Kindergarten teacher one of the best

WELL DONE: Patrick Boyle is a teacher at Tokoroa's Clyde Street Kindergarten and has won a national award for teaching. He is congratulated by colleagues (from left): Lisa Teokotai, Puroku Hall and Renee Tangimataiti.
WELL DONE: Patrick Boyle is a teacher at Tokoroa's Clyde Street Kindergarten and has won a national award for teaching. He is congratulated by colleagues (from left): Lisa Teokotai, Puroku Hall and Renee Tangimataiti.

Grandfather and kindergarten teacher Patrick Boyle has made a big impact in early childhood education since he started in 2005.

Mr Boyle, from Hamurana, recently won a top national award - the National Excellence in Teaching (NEiTA) Education Programs Teaching Award - presented annually to five teachers across the country.

The award followed the NEiTA regional awards announced in Parliament in May.

Mr Boyle said what helped him win the award was his experiments with project-based learning, which he used at all three kindergartens he worked at in Auckland, Rotorua and Tokoroa.

"As part of the application process we had to do a written assignment."

He said he chose to write his assignment on a project-based experiment he had triggered in Auckland.

"It was about an old folk song The Fox and the Goose.

"It started with me singing the song to the children and before you knew it everyone wanted to learn the words."

He said because the children were interested and wanted to know more, he left it up to them to lead a project.
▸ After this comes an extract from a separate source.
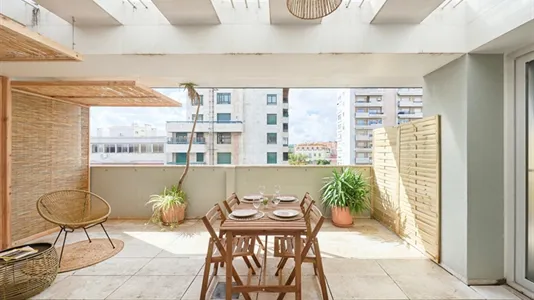 Apartments in Location is not specified - photo 6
He said the children decided they wanted to make a play out of the song and they spent weeks learning about the animals, before making the detailed play about the song.
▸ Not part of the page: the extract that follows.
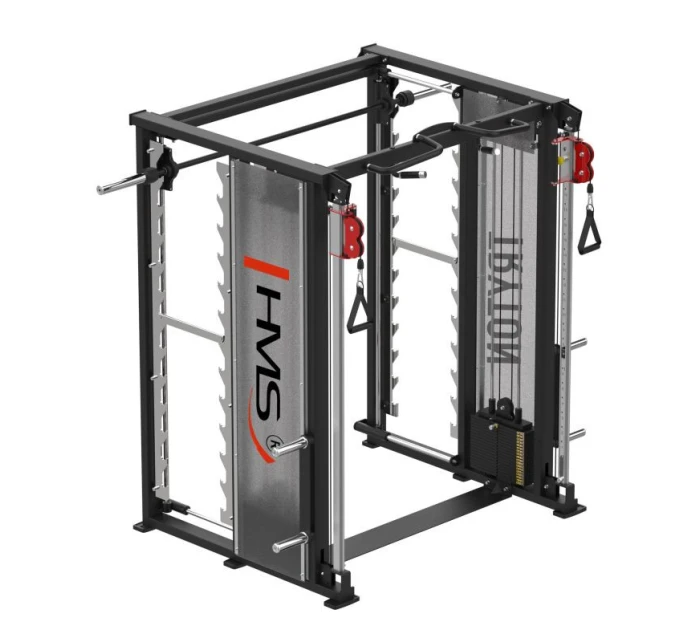 JEŘÁB TRITON S DVOJITÝM ZDVIHEM A STOHOVÁNÍM KOMERČNÍCH HMS JEŘÁB TRITON S DVOJITÝM ZDVIHEM A STOHOVÁNÍM KOMERČNÍCH HMS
"This is typical of project work. The children run it and drive it. What grows out of it is a groundswell of child interest."
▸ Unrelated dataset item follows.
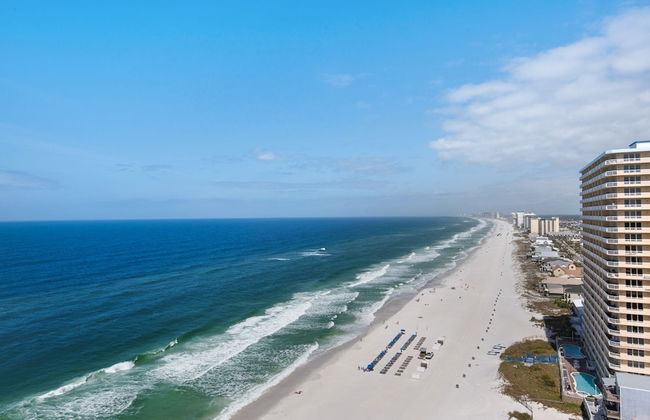 Treasure Island 1806 - Foto 41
The NEiTA said they were impressed with Mr Boyle's teaching philosophy.

"The judges felt that Patrick has developed many insights into the way children engage with their world and in so doing brings many years of wisdom and creativity to his relatively unique position as a mature male early childhood educator."

Mr Boyle received his award at Clyde Street Kindergarten in Tokoroa, where he is on a six-month contract following a stint at the Rotorua East Kindergarten.

He was presented with a crystal apple and a $5000 professional development grant.

Mr Boyle said he would put the money towards an internet resource profiling all his projects, which could be added to by other teachers around the country.

There were 600 nominations for the five top teaching awards, which recognised excellence in early childhood, primary, intermediate and high school level teaching.

Mr Boyle began his training in early childhood teaching in 2005, influenced by the birth of his two grandchildren after 30 years in the printing industry. He is part of a rare breed in his new profession, with males comprising only 1 per cent of early childhood teachers in New Zealand.